Additionally other versions tested? Do we maintain a combination of tested python app's driver and executor images in quay?
Also is there any documented way to create our own version of driver and executor images where we can install our own custom libraries like like confluent_kafka, numpy, pandas, etc.
Also between the constants and environment variable , which one takes the precedence?
A > B .. (A takes precedence)
field called customImage in the custom resource > env variable > constant
Additionally other versions tested? Do we maintain a combination of tested python app's driver and executor images in quay?
iirc, all the versions of driver and executors have to match... if your question was about what version of Spark works with the operator, it started with version 2.2 (if I am not mistaken) and since then it works. So you should be able to use also older version of the images from radanalyticsio org.
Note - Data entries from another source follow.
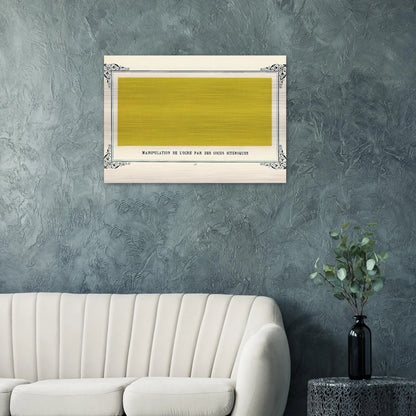 Jaundiced Cuckolds Handling Ochre - Alphonse Allais Brushed Aluminum Print - 70x100 cm / 28x40 inches | Alphonse Allais Aluminum Print | Alphonse Allais Prints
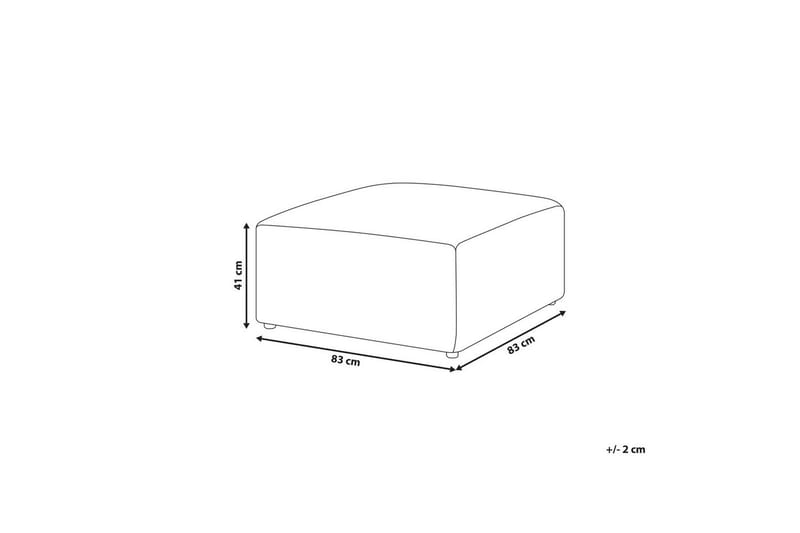 Fodskammel Lemvig Hvid - Hvid - Møbler - Stole & lænestole - Taburet & skammel - Puf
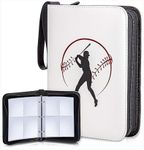 Sports card binder, CLOVERCAT 4 Pocket Baseball Card Binder, 400 Double Sided Pocket Waterproof Album, Display Holder, Expandable, Compatible with Gaming Cards, Yugioh, MTG and Other TCG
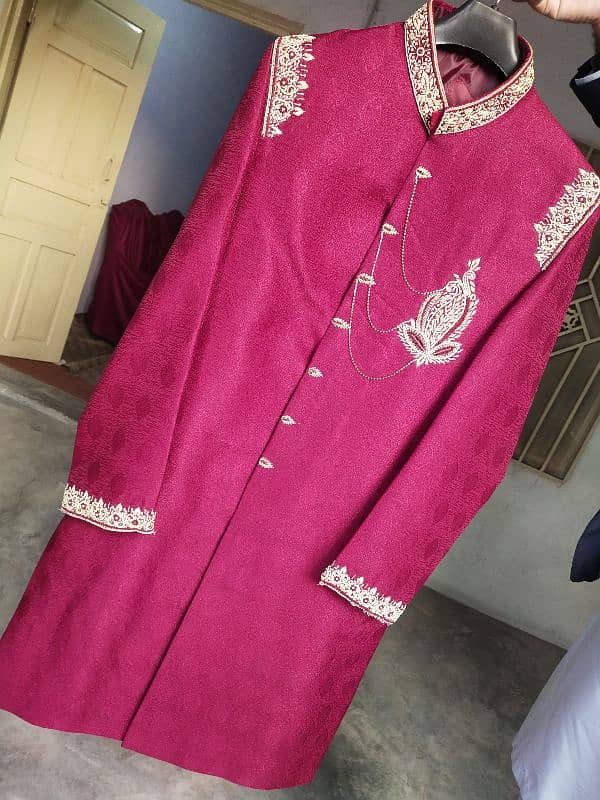 SherWani + Qulah  only 1 Time used 1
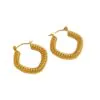Waterproof Twisted Hoops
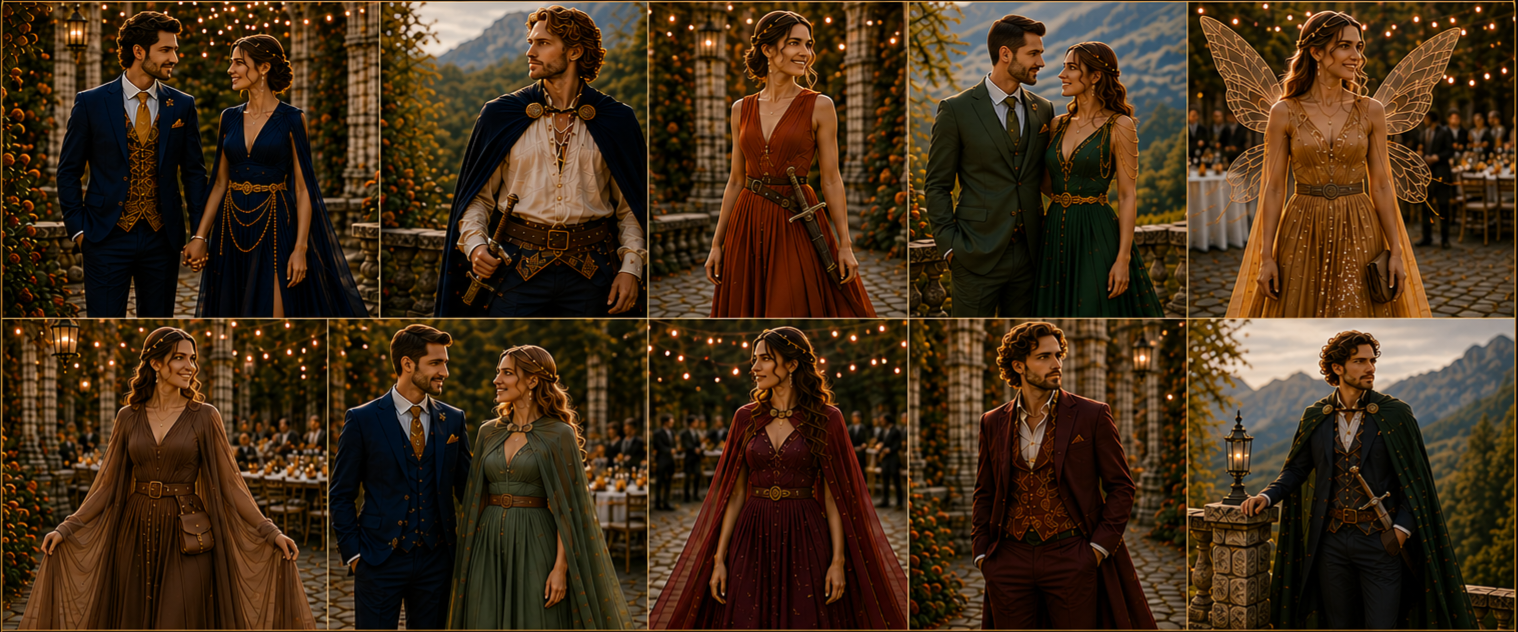 Dresscode-Inspiration: Fantasy, Elegant, Autumn
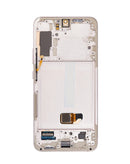 Pantalla OLED Galaxy S22 Plus Pink Gold con marco, 120Hz, para reparación de Samsung.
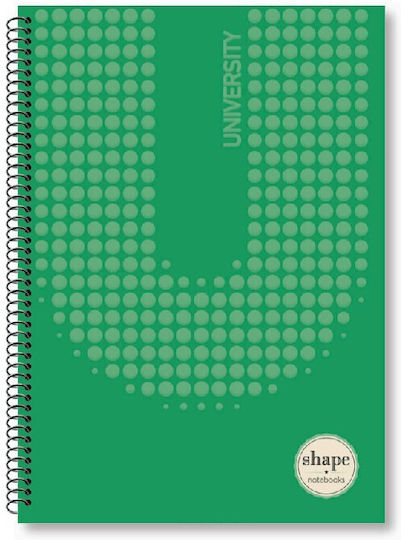 Shape Notebooks Спирал Тетрадка На райета A4 150 Листа 5 Теми Shape 1бр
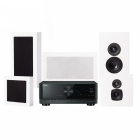 Yamaha RX-V4A & DLS Flatbox Midi Hemmabiopaket 5.0 Vitt Yamaha RX-V4A & DLS Flatbox Midi Hemmabiopaket 5.0 Vitt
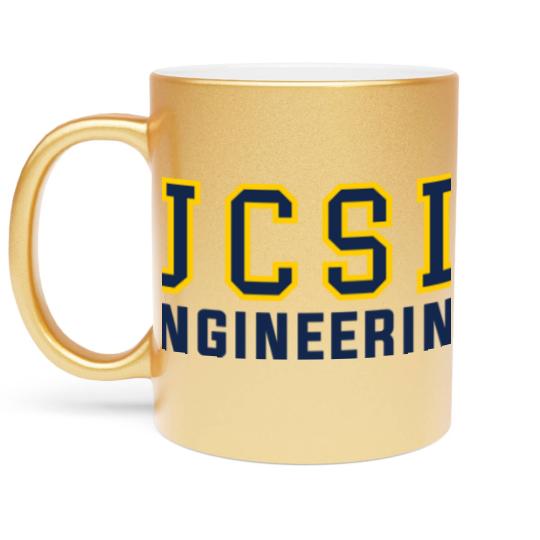 Discover UCSD Engineering (Varsity) - Ucsd - Metallic Mugs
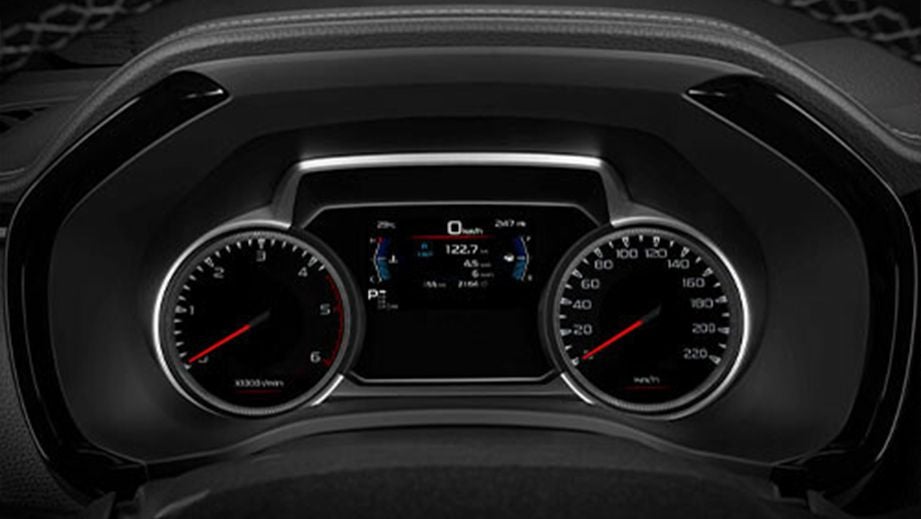Gauge cluster display of a Isuzu MU-X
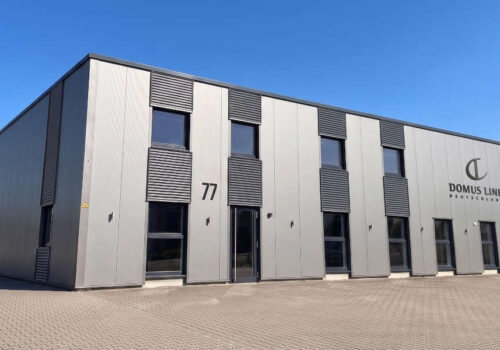 Neuer Standort für weiteres Wachstum Domus Line Maschweg77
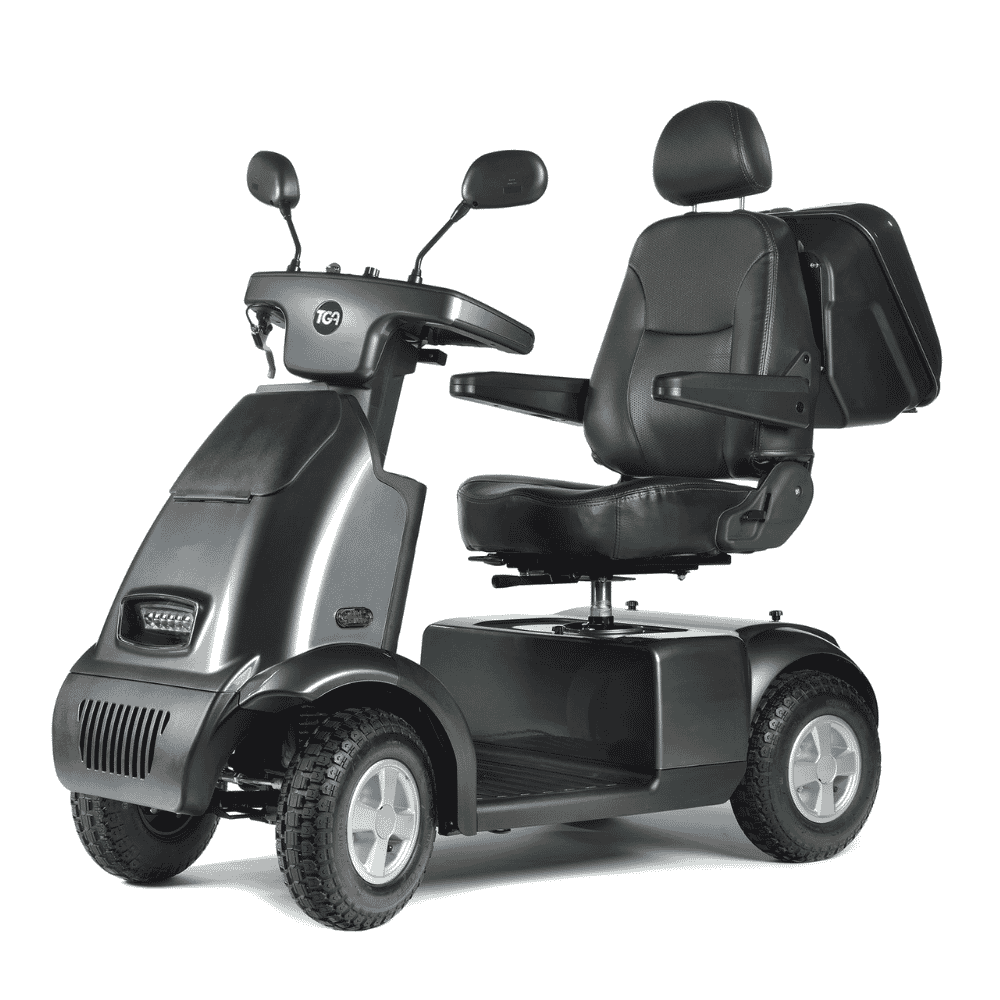 breeze midi 4 wheel mobility scooter grey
Not all of them are in quay.io.. older versions should be available in docker.io
Also is there any documented way to create our own version of driver and executor images where we can install our own custom libraries like like confluent_kafka, numpy, pandas, etc.
hmm, probably no, but you can verify the image by https://pypi.org/project/soit/
Thanks @kresmer - We have things working now, but I would go and list some details of the workarounds we needed to do soon here
@adrian555 do you want to do a PR to the docs to ensure the clarity?